A chegada do verão brindava Moscou com temperaturas mais amenas, o que era um bálsamo para a cidade que havia sido castigada com baixíssimas temperaturas no rigoroso inverno.
Metade do ano já tinha corrido e o dia do espetáculo se aproximava cada vez mais, fazendo o Bolshói virar aquela confusão típica de uma escola de dança prestes a apresentar um espetáculo. Nem mesmo a maior companhia de dança do mundo estava imune ao percalços que antecedem uma estreia e o Bolshói, além das apresentações de balé, recebia também óperas, concertos etc, como todo Teatro. Aquele lugar respirava arte o tempo inteiro.
O resultado de todo o estresse com a iminete estreia era todos em um estado de nervos praticamente insustentável. Alunos, diretores, professores, figurinistas, todos que faziam parte da escola estavam com os ânimos nada amenos e o Bolshoi parecia uma bomba prestes a ser detonada. Não raramente, via-se pequenas discussões pelos corredores, burburinhos pelas salas, pessoas com a cara fechada. Bastava uma fagulha, um pequeno incentivo para que aquilo explodisse.
Naquele ritmo, Anahi e Alfonso não voltaram a se aproximar. Pelo menos não de forma romântica. Ele estava sempre presente nos ensaios, auxiliando não somente ela, mas toda a turma pelo qual era responsável. Anahi agradecia por ele dirigir aquele ato da apresentação, pois sua presença ali a deixava mais segura, principalmente com Alexander pegando no pé dela. Naquelas semanas, ela estava totalmente focada em dar o melhor de si. Queria provar para si mesma que era capaz e merecedora de estar ali. E, claro, fazer Alexander engolir suas palavras nada educadas quando se referia a ela. Se tinha uma coisa que Anahi não permitia, era que questionassem seu valor como profissional. Todo dia ela sentia uma raiva homicida crescer dentro de si contra seu colega e tinha que se segurar a cada célula de controle do seu corpo para não explodir com ele. Nesses momentos, Anahi respirava fundo e contava até dez. Se o que ele queria era descontrolá-la a ponto dela fazer um papelão, ia esperar sentado.

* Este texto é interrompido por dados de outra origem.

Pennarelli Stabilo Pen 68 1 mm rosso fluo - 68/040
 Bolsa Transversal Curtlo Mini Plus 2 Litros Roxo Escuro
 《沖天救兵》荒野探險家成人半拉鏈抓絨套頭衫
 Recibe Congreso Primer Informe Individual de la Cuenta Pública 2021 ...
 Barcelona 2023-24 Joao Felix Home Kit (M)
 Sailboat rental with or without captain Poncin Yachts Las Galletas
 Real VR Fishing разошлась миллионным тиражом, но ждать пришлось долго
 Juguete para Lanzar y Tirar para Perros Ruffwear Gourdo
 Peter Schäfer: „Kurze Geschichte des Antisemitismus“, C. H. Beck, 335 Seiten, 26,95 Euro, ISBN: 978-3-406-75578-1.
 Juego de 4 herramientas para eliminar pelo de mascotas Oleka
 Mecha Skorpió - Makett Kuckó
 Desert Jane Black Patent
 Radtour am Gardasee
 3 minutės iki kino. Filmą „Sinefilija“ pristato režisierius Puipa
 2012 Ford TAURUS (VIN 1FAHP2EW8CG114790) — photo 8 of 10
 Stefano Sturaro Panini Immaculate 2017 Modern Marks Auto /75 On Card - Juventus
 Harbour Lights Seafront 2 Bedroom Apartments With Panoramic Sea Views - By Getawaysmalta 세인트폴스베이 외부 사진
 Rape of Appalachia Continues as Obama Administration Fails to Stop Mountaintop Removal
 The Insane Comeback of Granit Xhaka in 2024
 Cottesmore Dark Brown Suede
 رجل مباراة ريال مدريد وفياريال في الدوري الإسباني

Os dias eram bastante longos, cansativos e os ânimos não ajudavam em nada. Felizmente, Anahi estava acostumada a dias assim. Áquela altura, a divulgação do espetáculo " La Bayadere" já ganhava as ruas de Moscou através de cartazes, outdoors e exposição em telões e outros meios de comunicação. Cada vez que passava por um desses, Anahi sentia uma emoção diferente e um orgulho enorme dominar seu peito. Ela já fora estrela de um dos balés mais famosos — senão o mais famoso — do mundo. Já viu seu rosto estampado pelas ruas de Nova York. Mas estar vivenciando aquilo era diferente. Ela simplesmente fazia parte da maior companhia de dança do mundo.
Entre tantas emoções diferentes e vivendo um dia de cada vez, o fim de semana do espetáculo finalmente chegou. Entre destroços e feridos, todo mundo sobreviveu.
Uns mais feridos que outros, como em breve vamos descobrir.
Era sexta-feira — o espetáculo seria domingo — e os últimos ajustes estavam sendo feitos. Os figurinos já haviam sido entregues, a distribuição dos camarins organizada, som, luz, tudo testado. Mesmo assim, o caos ainda não havia sido contornado.
Aquele era o dia da passagem de palco, um dos momentos que Anahi mais odiava. Era repetitivo, cansativo e até certo ponto tedioso para ela. Estava soada, alguns fios dourados do seu curto cabelo estavam grudados em sua testa e ela ofegva. Já havia repassado seu pas de deux com Alexander diversas vezes, mas Alfonso sempre os interrompia para ajustar uma coisa ou outra. Ela podia sentir a fúria de seu colega crescendo em ondas, mas preferiu ignorar aquilo.
Quando as últimas notas soaram do piano, Anahi respirou aliviada. Finalmente havia acabado. Alexander a pousou no piso do palco com força demais e ela ia reclamar, mas estava estava tão cansada que seu corpo ganhou facilmente a batalha. Ela não iria puxar aquela briga agora.